This painting was made in (a lost) competition with David's rival, Pierre Peyron.
Peyron's simple, noble and severe composition is known only from an engraving.
David's work was turbulent, theatrical and lacking in gravity, giving no hint of Seneca's dignified and restrained suicide, forced on him by order of the tyrannical Emperor Nero.
Instead, the painting seems more concerned with the emotional farewell between Seneca and his wife Paulina.
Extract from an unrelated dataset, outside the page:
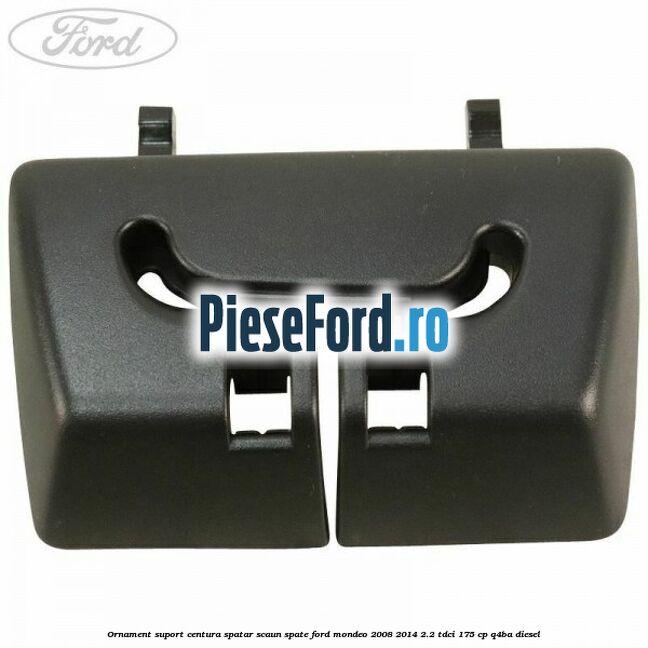 Ornament suport centura spatar scaun spate Ford Mondeo 2008-2014 2.2 TDCi 175 cp Q4BA diesel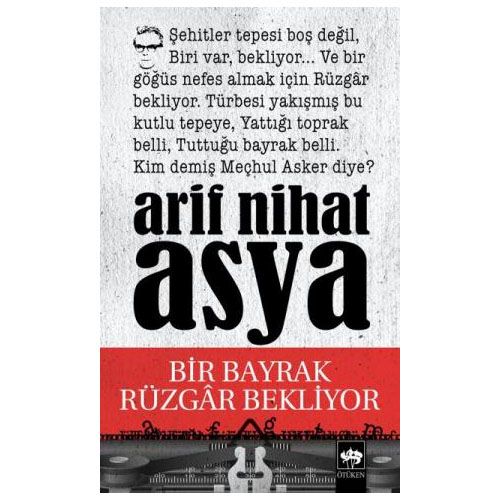 Bir Bayrak Rüzgar Bekliyor - Arif Nihat Asya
PEYRON, Jean-Francois-Pierre
(1744 Aix-en-Provence - 1814, Paris)

The Death of Socrates
1787 Oil on canvas, 98 x 133 cm
Statens Museum fur Kunst, Copenhagen

Peyron's The Death of Socrates, commissioned by d'Angiviller for the Crown, was in competition with Jacques-Louis David's work of the same subject.
David's confidence in surpassing his rival, coupled with his aggressive and ambitious nature, make it very possible that he chose to paint his own Socrates when he learned of Peyron's plans.
The force and clarity of David's version was thrown into even sharper relief by the lack of drama and focus in Peyron's work, and both the public and critics declared David's work to be far superior.
David eclipsed his long-time rival once and for all, and from then on Peyron had to be content with a subordinate role in the art world.